### Data to process

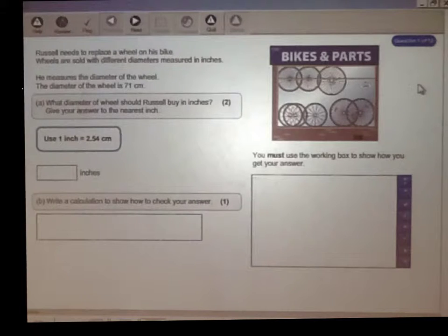Russell needs to replace a wheel on his bike. Wheels are sold with different diameters measured in inches.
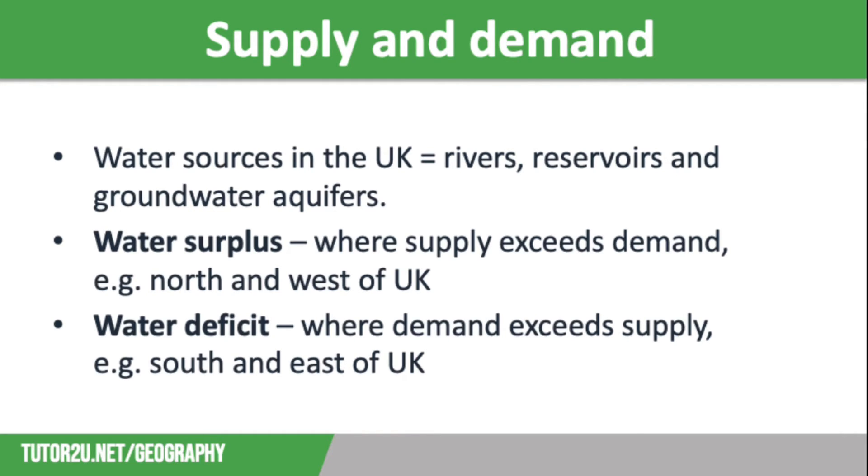The UK receives enough water to supply the demand, but it doesn't always fall where it is most needed. The north and the west of the UK has a water surplus — this is where supply exceeds demand. There is high rainfall, lower evaporation rates and plenty of potential reservoir sites.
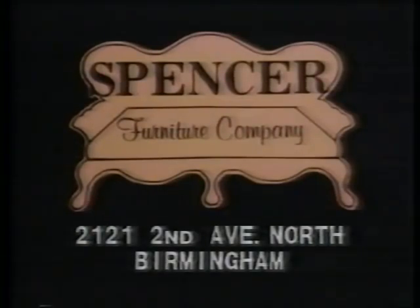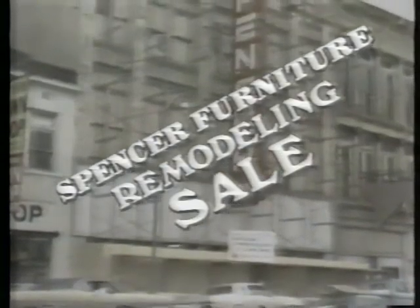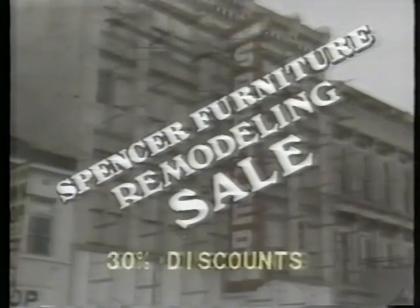Spencer Furniture Company in downtown Birmingham is remodeling. If you don't mind a little dust, maybe a little inconvenience, you can save up to 30% throughout both Spencer stores — Birmingham and Bessemer.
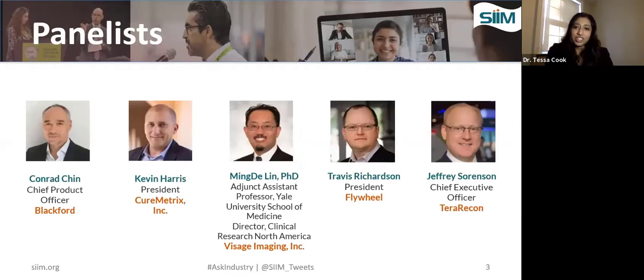We are very fortunate to have with us today several industry experts participating in the discussion. Conrad Chin is the chief product officer with Blackford. Kevin Harris is the president of Curemetrics Incorporated. Ning Lin is adjunct assistant professor at Yale University School of Medicine and director of clinical research in North America for Visage Imaging. Travis Richardson is the president of Flywheel, and Jeffrey Sorensen, the chief executive officer of Terra Recon.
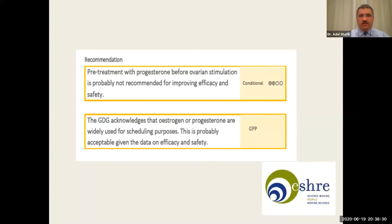There is a very important point: the guideline development group acknowledged that estrogen and progesterone are widely used for scheduling purposes, and this is probably accepted. So we can use estrogen or progesterone for scheduling purposes, but we cannot use them with the expectation that they will increase the safety or efficiency of an IVF cycle.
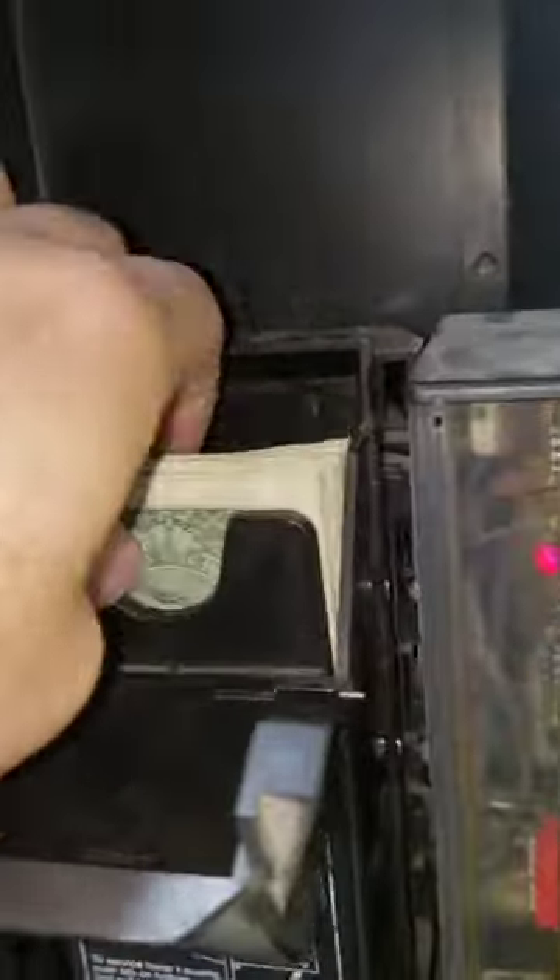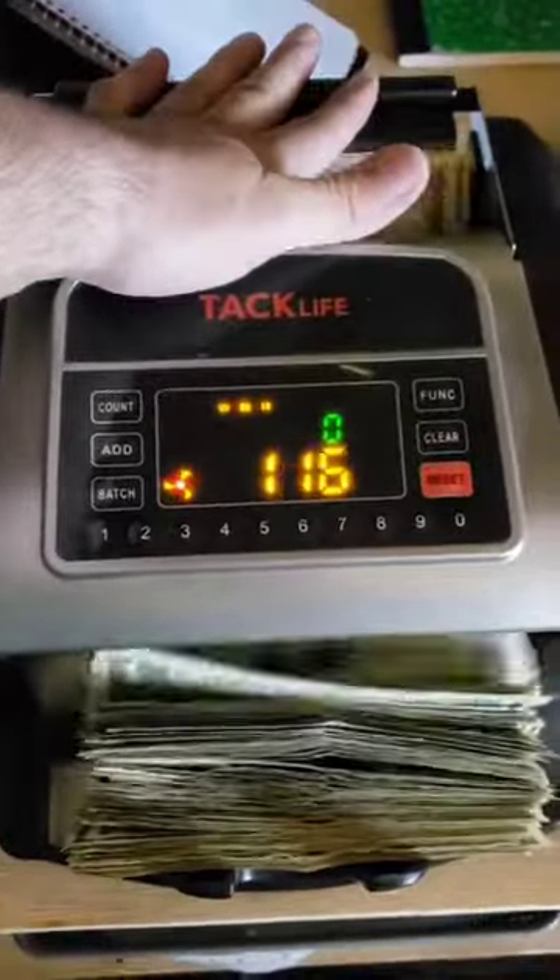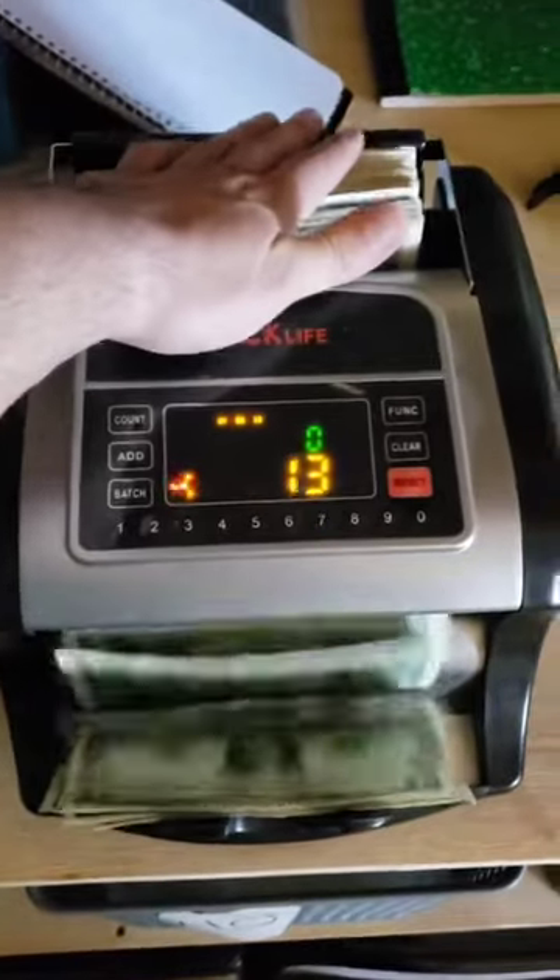Never pay a flat fee and never pay more than 15% of your gross revenue. Finding a machine is easy — you can get one on Facebook Marketplace or OfferUp for under $1,000. Usually I try to get one for $750 to $800.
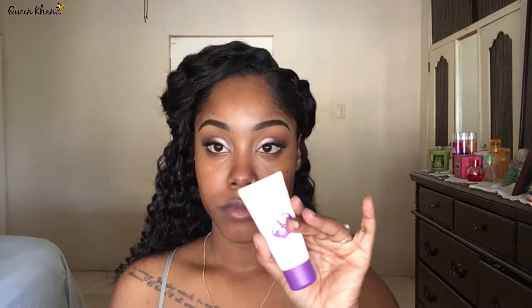Now that I'm done moisturizing, I'm going to prime with two primers: my Rimmel Stay Matte primer and The Balm's Professional primer. My pores are huge, so I really like the Professional primer. I'll put it on my T-zone where I have the most pores, and the Rimmel primer on the rest of my face.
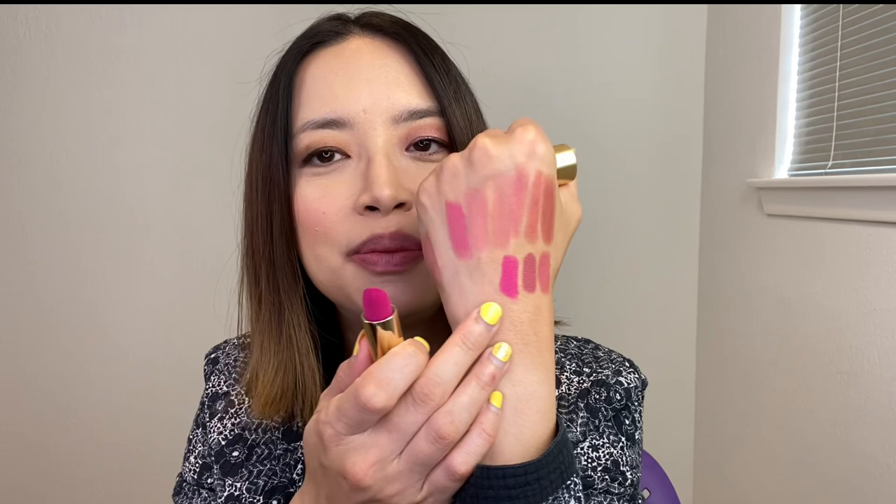Moving on to her Velvet Lipsticks — we're going to start with Velvet Petal, which is her lighter shade. Then we have Velvet Blush Lightly. I'm just really into the pinks. And my last one, my favorite, is Velvet Carnival. With that cool blue tone, it just stands out so much, especially in that velvet matte finish.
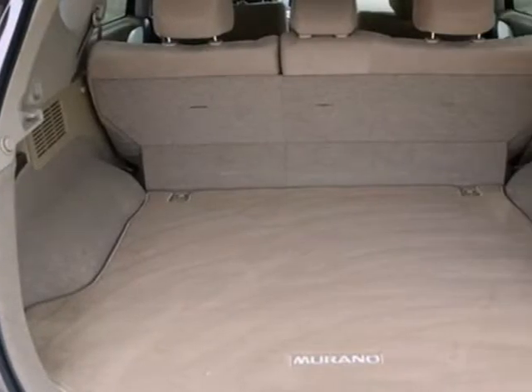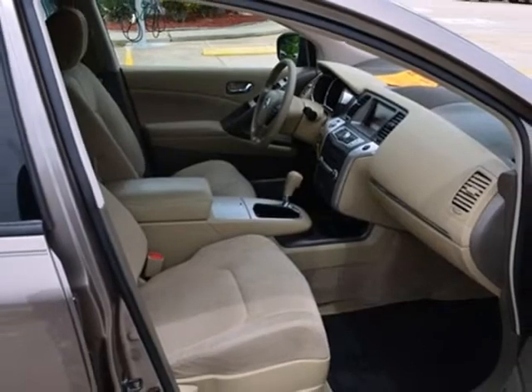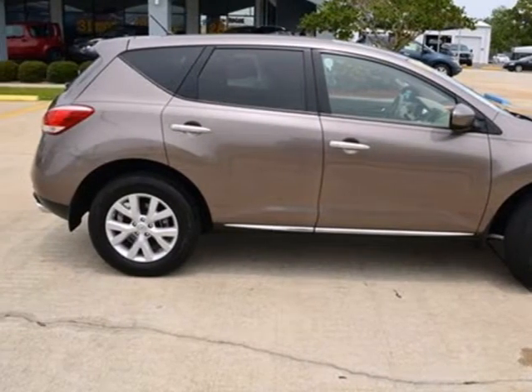For 2011, Nissan's sensational crossover has more standard, high-tech features than ever before. Drive it today and see why so many are crossing over to the remarkable Murano.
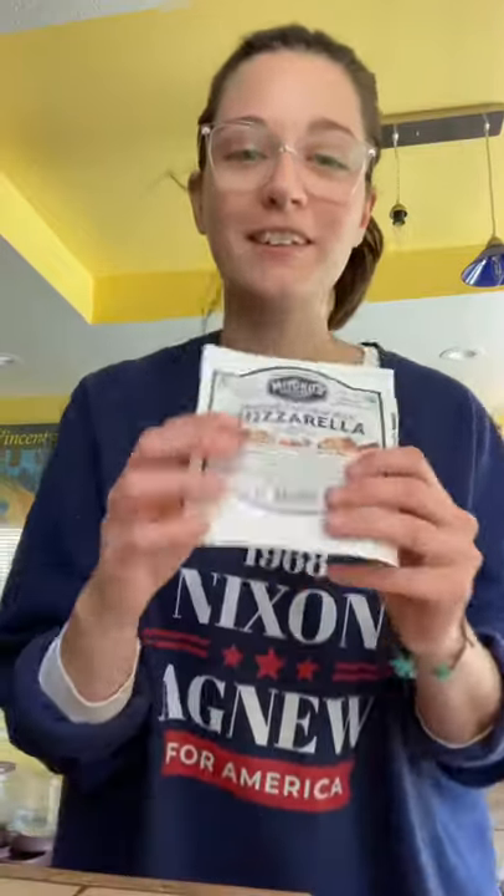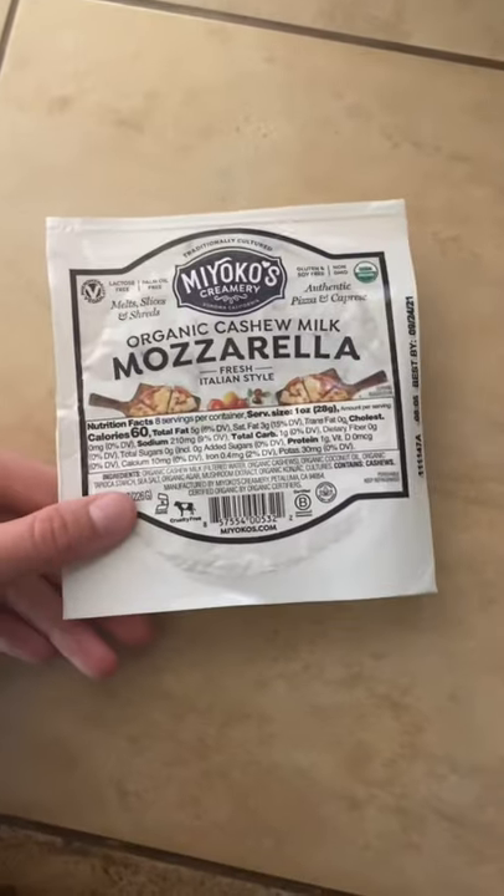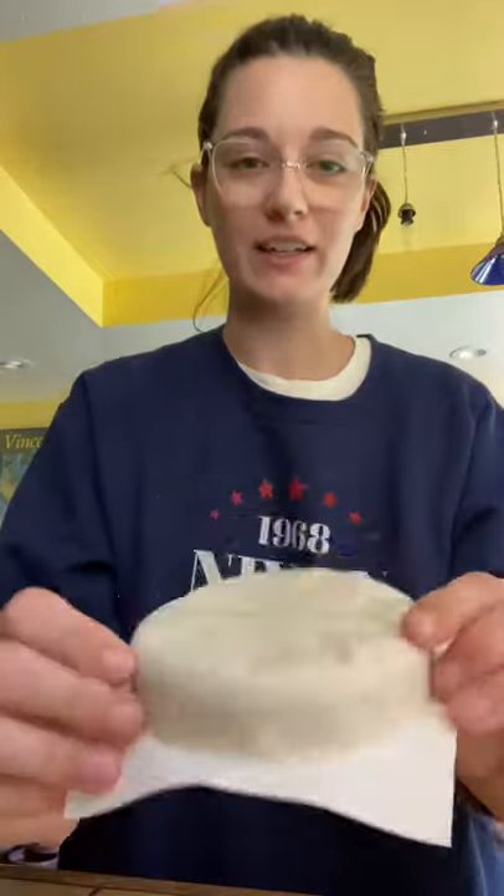I've been really curious to try this. Miyoko's mozzarella looks really good. Let's see.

######

Task prompt :: The output must match, line for line, the span from the line containing "Now that I'm" through the end of the data, with the pictures removed.

Exercise answer ::
Now that I'm done moisturizing, I'm going to prime with two primers: my Rimmel Stay Matte primer and The Balm's Professional primer. My pores are huge, so I really like the Professional primer. I'll put it on my T-zone where I have the most pores, and the Rimmel primer on the rest of my face.
Moving on to her Velvet Lipsticks — we're going to start with Velvet Petal, which is her lighter shade. Then we have Velvet Blush Lightly. I'm just really into the pinks. And my last one, my favorite, is Velvet Carnival. With that cool blue tone, it just stands out so much, especially in that velvet matte finish.
For 2011, Nissan's sensational crossover has more standard, high-tech features than ever before. Drive it today and see why so many are crossing over to the remarkable Murano.
I've been really curious to try this. Miyoko's mozzarella looks really good. Let's see.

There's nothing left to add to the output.